* ABOUT THIS TASK: As you print the data below, keep every line exactly as it is and leave the images behind.

* GIVEN ENTRIES:

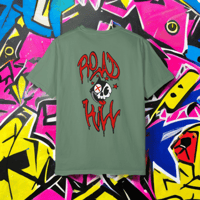Image 15 of Roadkill Max (Red) Tee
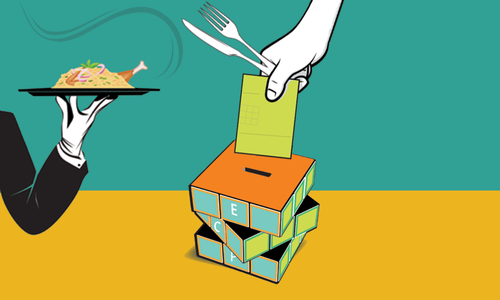 Satire: 2018 elections declared the fairest election of all time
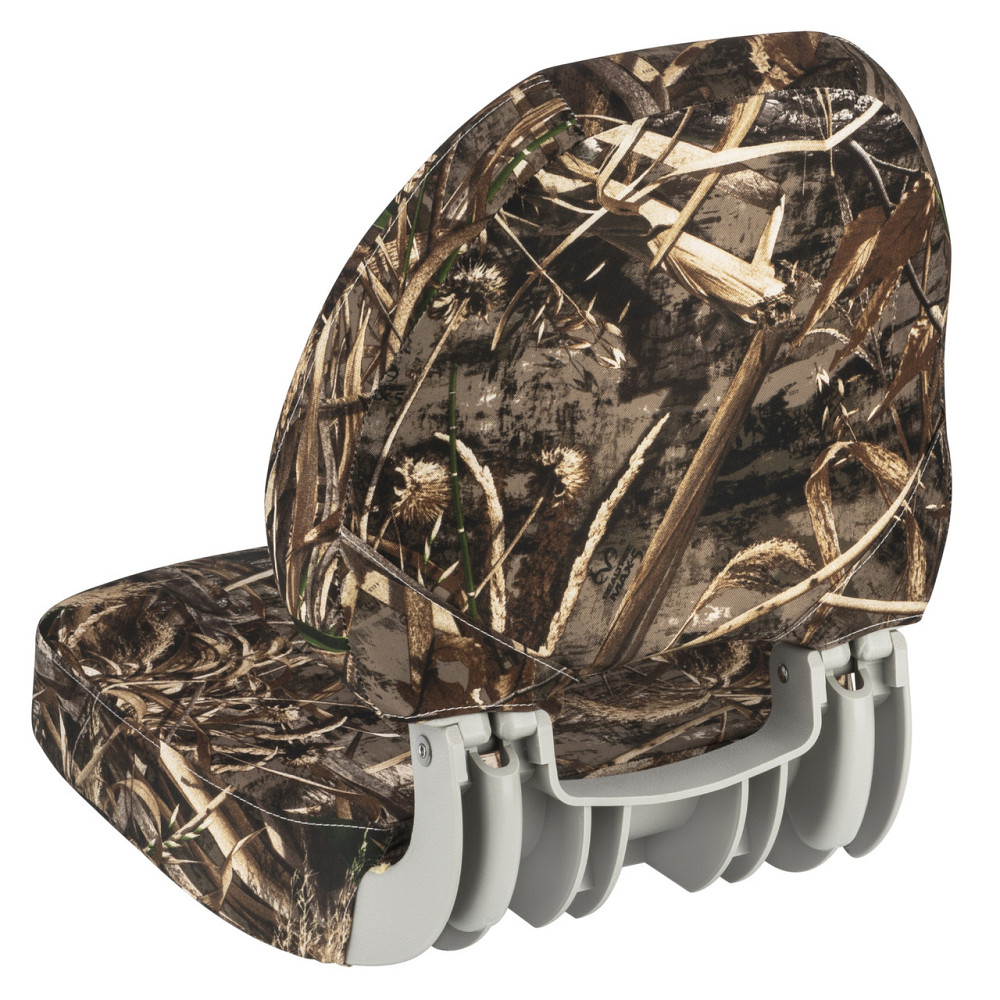 Сидіння Pro Anger Ergonomic колір камо REALTREE MAX 5 Черкаси - фото 2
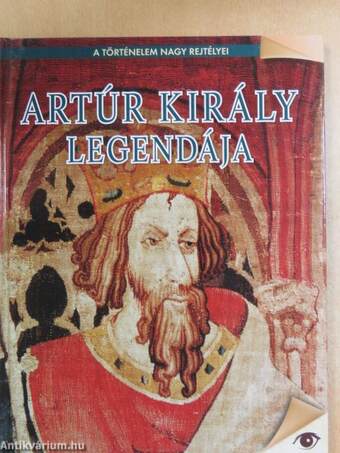 Artúr király legendája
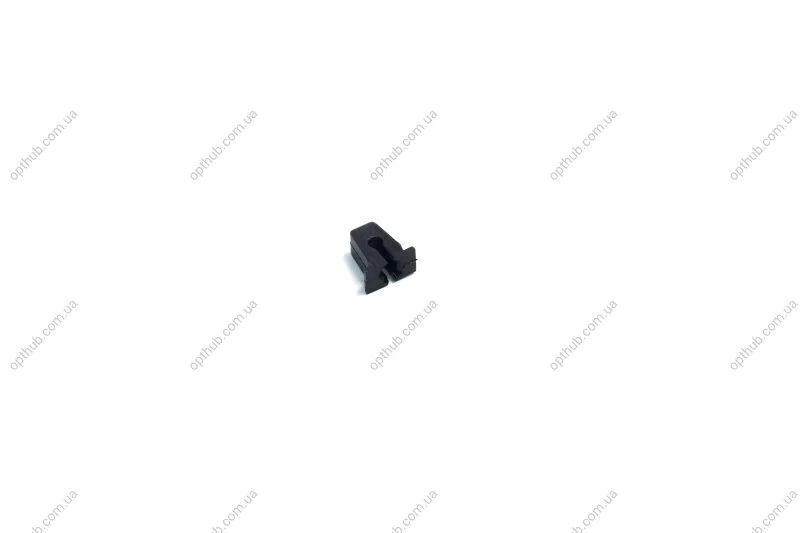 Затискувач пружинний VAG, VW, Audi, Opel (вір-во Elparts) JAKOPARTS 50267043 (фото 1)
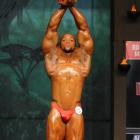 Tyrus  Hughes - NPC Europa Super Show 2011 - #1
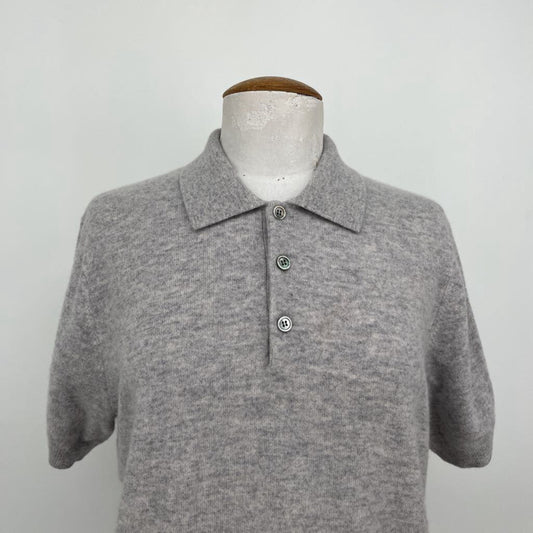 Beyond Fashion cashmere s/s Sweater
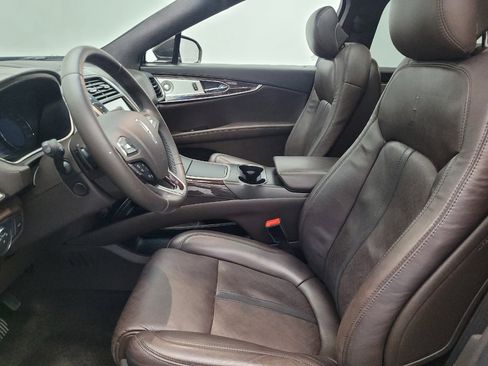 Used 2016 Lincoln MKX Black Label w/ Technology Package image 17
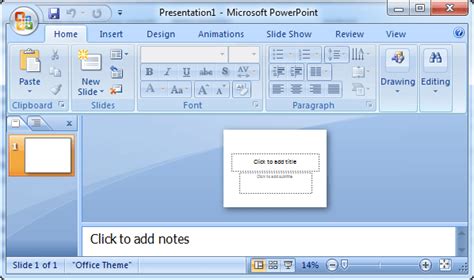 How To Make Videos Work In Microsoft Office Powerpoint 2007 On Windows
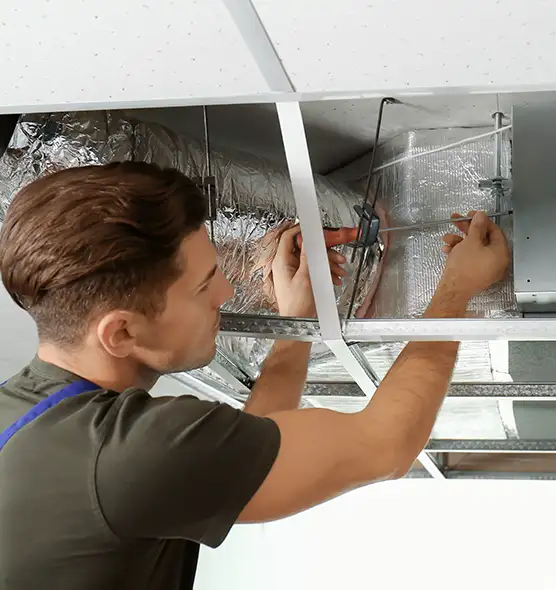 Professional Clogged Dryer Vent Repair in Chattanooga, TN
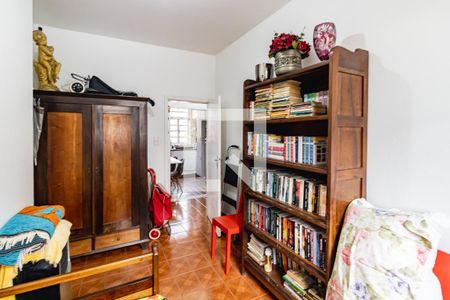 Quarto 01 de apartamento à venda com 2 quartos, 58m² em Cambuci, São Paulo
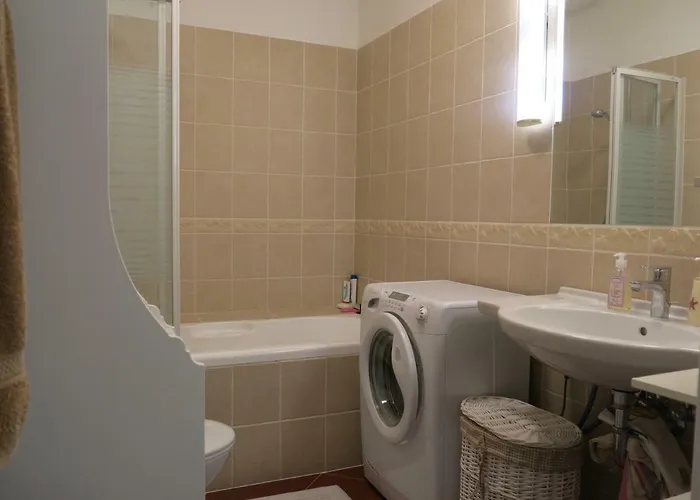 Horvath Aliz Apartamento
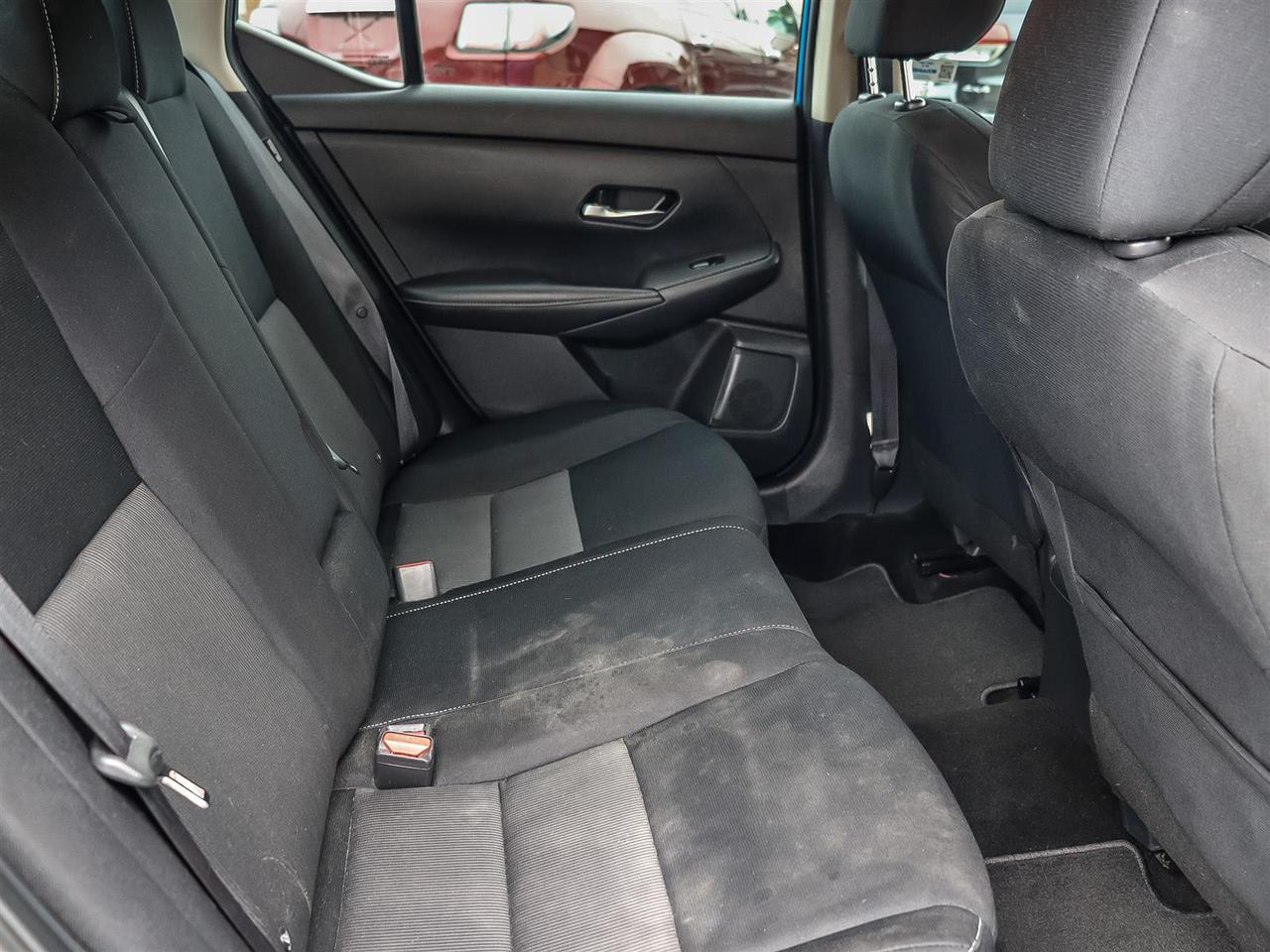 2021 Nissan Sentra  Photo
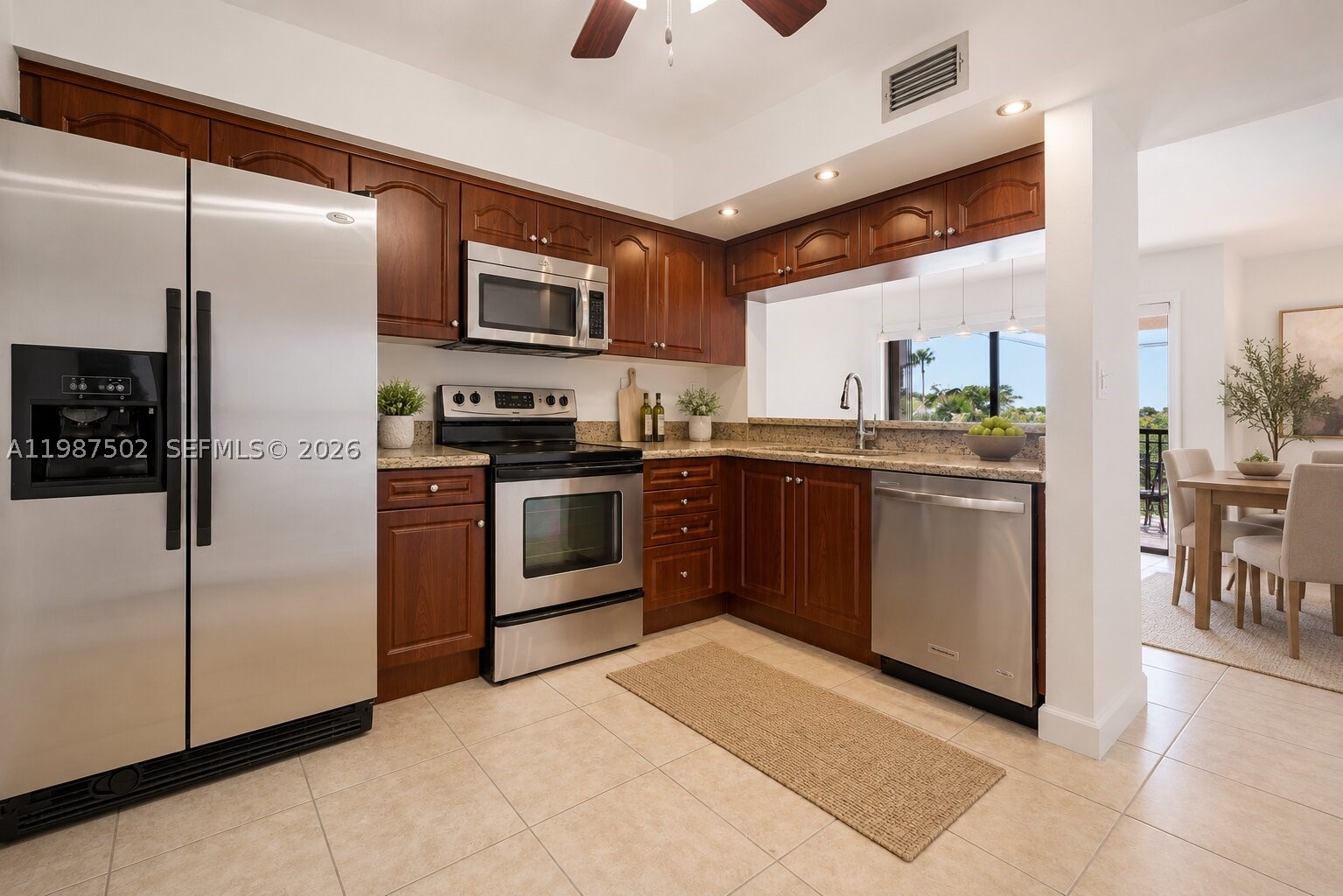 KENLAND BEND SOUTH CONDO - Residential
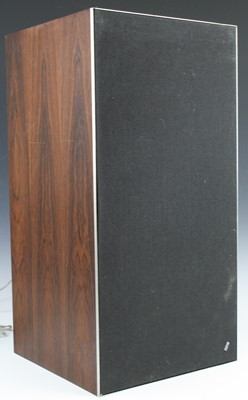 Lot 626 - A Bang & Olufsen Beomaster 2000 type 2801...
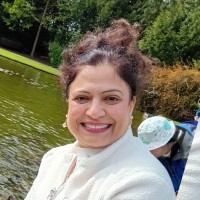 Manju Sharma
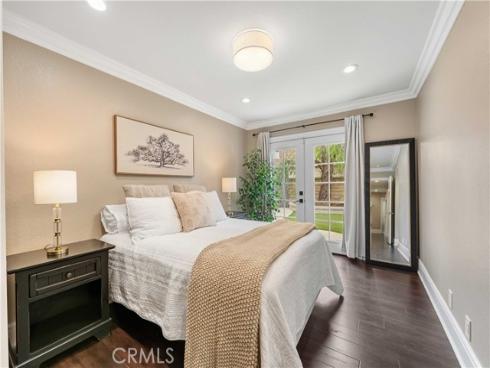 21755 Cabrosa , Mission Viejo, CA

* WRITTEN ANSWER:
Image 15 of Roadkill Max (Red) Tee
 Satire: 2018 elections declared the fairest election of all time
 Сидіння Pro Anger Ergonomic колір камо REALTREE MAX 5 Черкаси - фото 2
 Artúr király legendája
 Затискувач пружинний VAG, VW, Audi, Opel (вір-во Elparts) JAKOPARTS 50267043 (фото 1)
 Tyrus  Hughes - NPC Europa Super Show 2011 - #1
 Beyond Fashion cashmere s/s Sweater
 Used 2016 Lincoln MKX Black Label w/ Technology Package image 17
 How To Make Videos Work In Microsoft Office Powerpoint 2007 On Windows
 Professional Clogged Dryer Vent Repair in Chattanooga, TN
 Quarto 01 de apartamento à venda com 2 quartos, 58m² em Cambuci, São Paulo
 Horvath Aliz Apartamento
 2021 Nissan Sentra  Photo
 KENLAND BEND SOUTH CONDO - Residential
 Lot 626 - A Bang & Olufsen Beomaster 2000 type 2801...
 Manju Sharma
 21755 Cabrosa , Mission Viejo, CA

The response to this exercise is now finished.